_Your assignment_.
Would you repeat each line below exactly, without the pictures?

_Entries shown_.
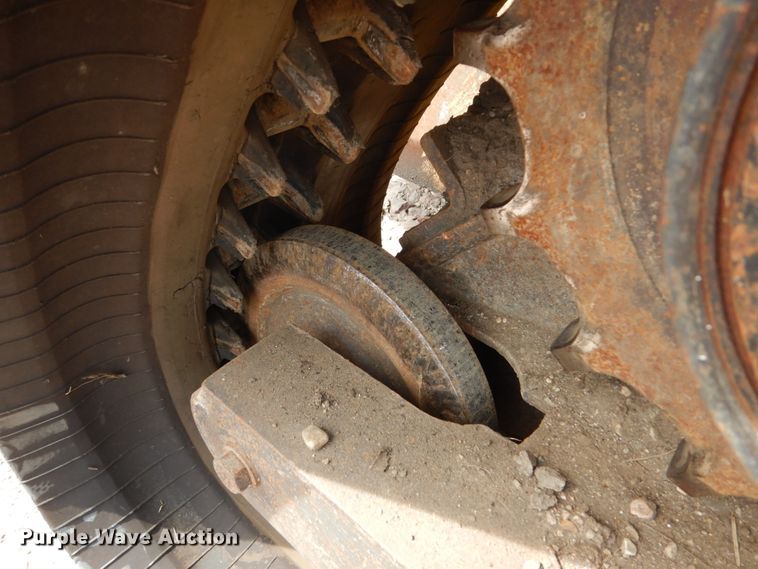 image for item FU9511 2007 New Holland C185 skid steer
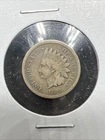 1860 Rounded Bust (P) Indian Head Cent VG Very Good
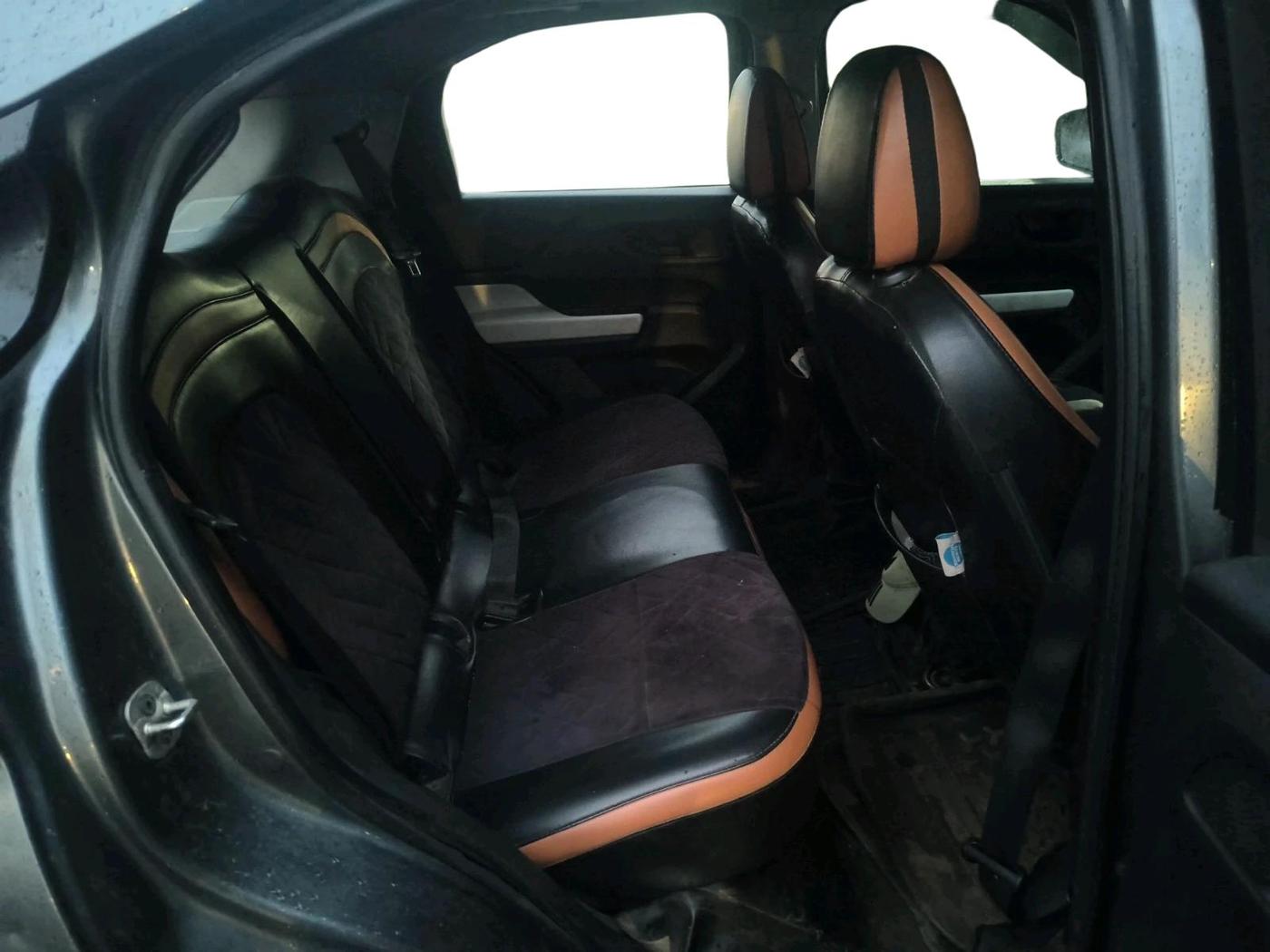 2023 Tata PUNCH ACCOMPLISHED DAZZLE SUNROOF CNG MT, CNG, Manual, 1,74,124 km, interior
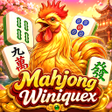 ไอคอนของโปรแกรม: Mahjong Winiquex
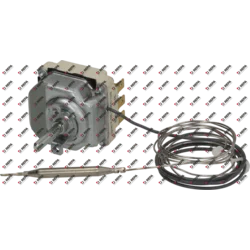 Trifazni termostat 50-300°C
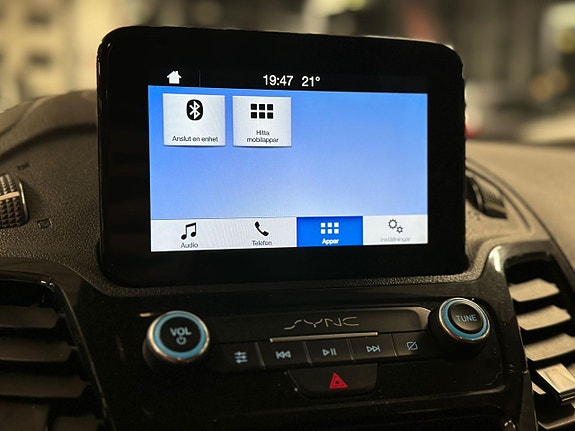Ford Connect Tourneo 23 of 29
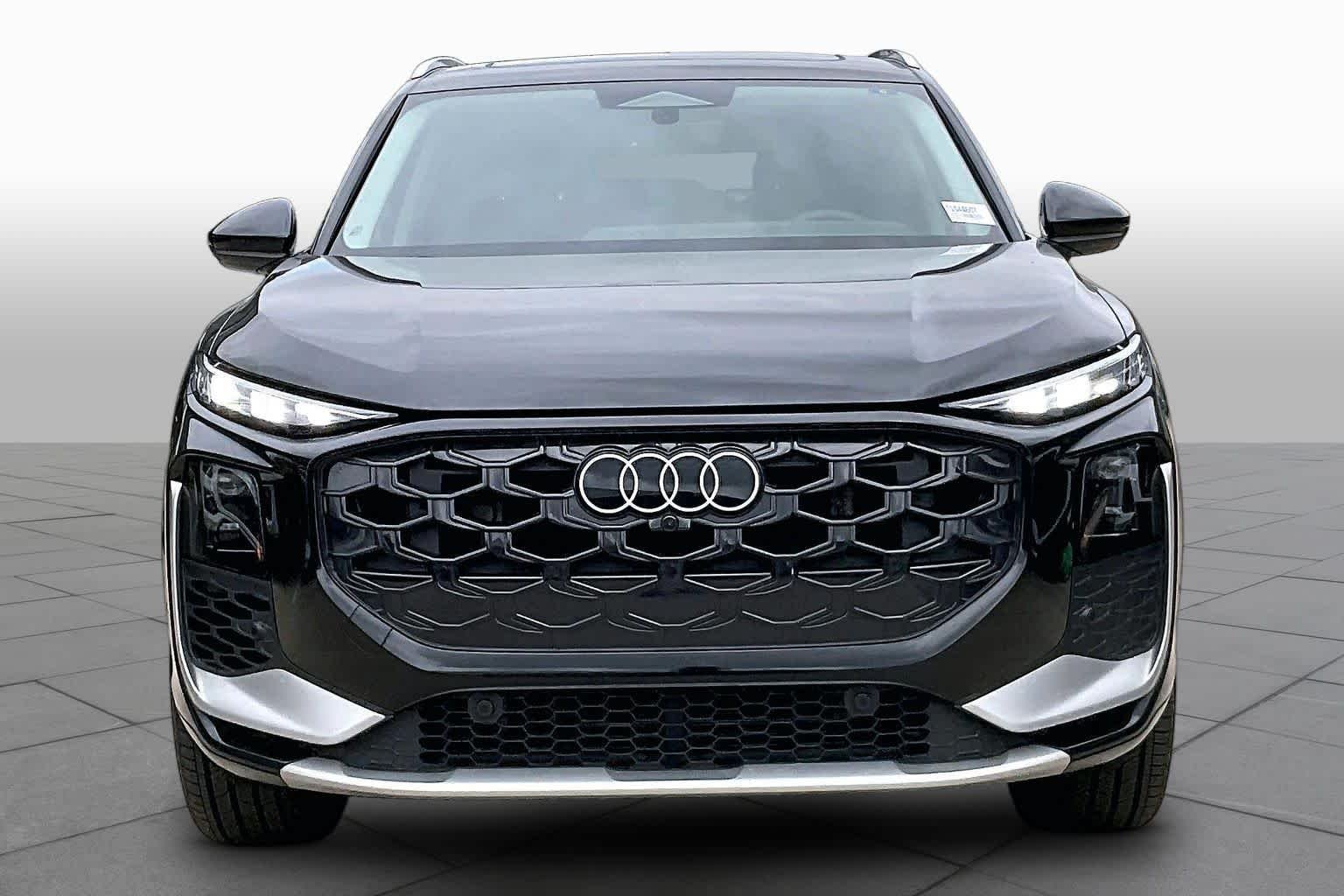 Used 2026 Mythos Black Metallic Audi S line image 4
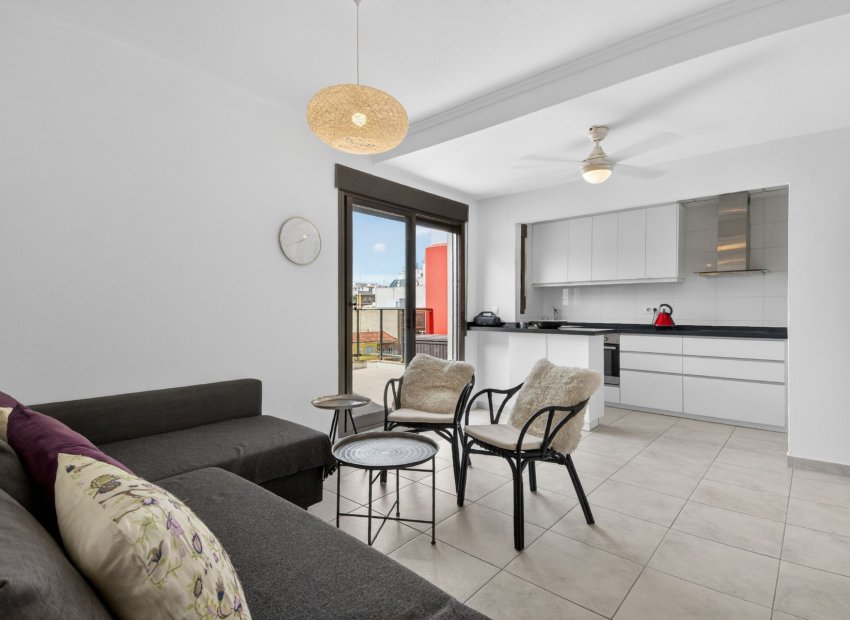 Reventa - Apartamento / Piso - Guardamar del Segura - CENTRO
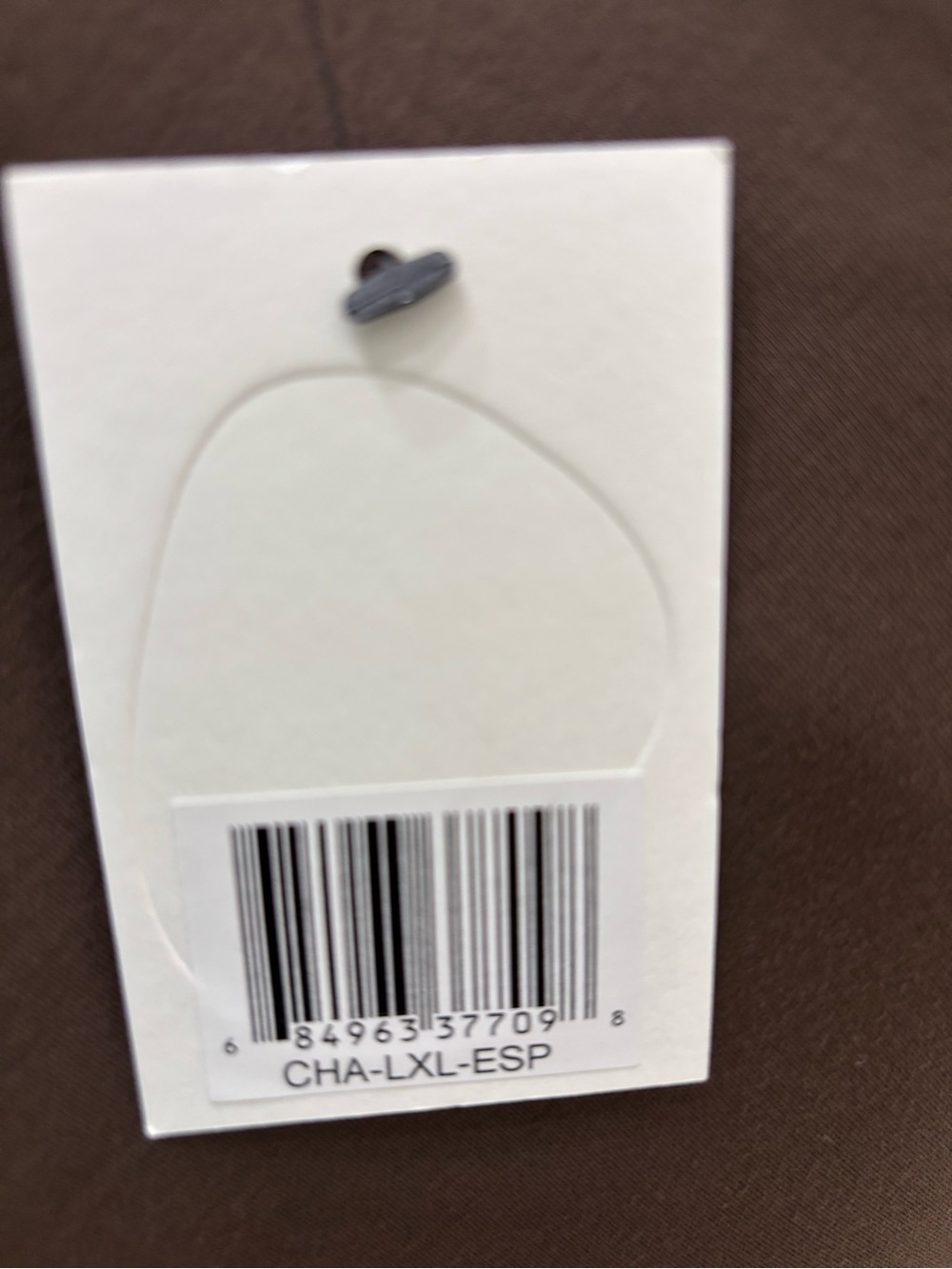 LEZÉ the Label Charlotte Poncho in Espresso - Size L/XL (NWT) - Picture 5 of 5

_Solution to this problem_.
 image for item FU9511 2007 New Holland C185 skid steer
 1860 Rounded Bust (P) Indian Head Cent VG Very Good
 2023 Tata PUNCH ACCOMPLISHED DAZZLE SUNROOF CNG MT, CNG, Manual, 1,74,124 km, interior
 ไอคอนของโปรแกรม: Mahjong Winiquex
 Trifazni termostat 50-300°C
Ford Connect Tourneo 23 of 29
 Used 2026 Mythos Black Metallic Audi S line image 4
 Reventa - Apartamento / Piso - Guardamar del Segura - CENTRO
 LEZÉ the Label Charlotte Poncho in Espresso - Size L/XL (NWT) - Picture 5 of 5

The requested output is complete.